A FET includes a source/drain region formed in or upon a wafer and a gate covering a channel region formed in or upon the wafer. A FET may be an nFET or a pFET and may be formed utilizing CMOS (Complementary metal-oxide-semiconductor) fabrication techniques.
The term FinFET typically refers to a nonplanar, double-gate transistor. Integrated circuits that include FinFETs may be fabricated on a bulk silicon substrate or, more commonly, on a silicon-on-insulator (SOI) wafer that includes an active SOI layer of a single crystal semiconductor, such as silicon, a semiconductor substrate, and a buried insulator layer, e.g., a buried oxide layer that separates and electrically isolates the semiconductor substrate from the SOI layer. Each FinFET generally includes a narrow vertical fin body of single crystal semiconductor material with vertically-projecting sidewalls. A gate contact or electrode intersects a channel region of the fin body and is isolated electrically from the fin body by a thin gate dielectric layer. At opposite ends of the fin body are heavily-doped source/drain regions.

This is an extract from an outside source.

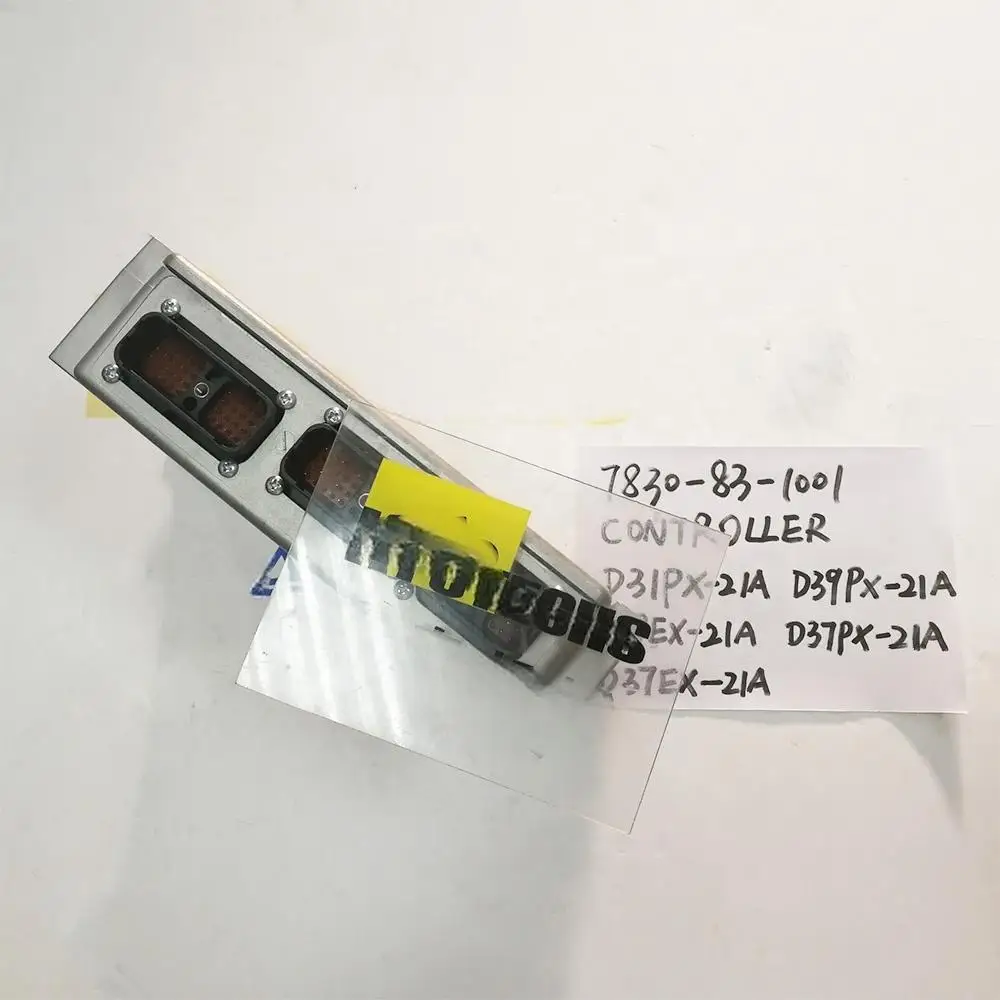 7830-83-1001 CONTROLLER D31PX-21 D39PX-21 D39EX-21 D37PX-21 D37EX-21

FET fabrication techniques form various trenches. For example, in FinFET fabrication, numerous fins may be formed by etching or otherwise removing portions of one or more layer(s). The portions of the one or more layer(s) that are retained form the fins and the space between the fins is referred to as a fin trench. Similarly, in gate-last CMOS fabrication, a dummy gate is removed between opposing gate spacers and is replaced by a conductive replacement gate. The space between the opposing spacers subsequent to the removal of the dummy gate is referred to as a gate trench.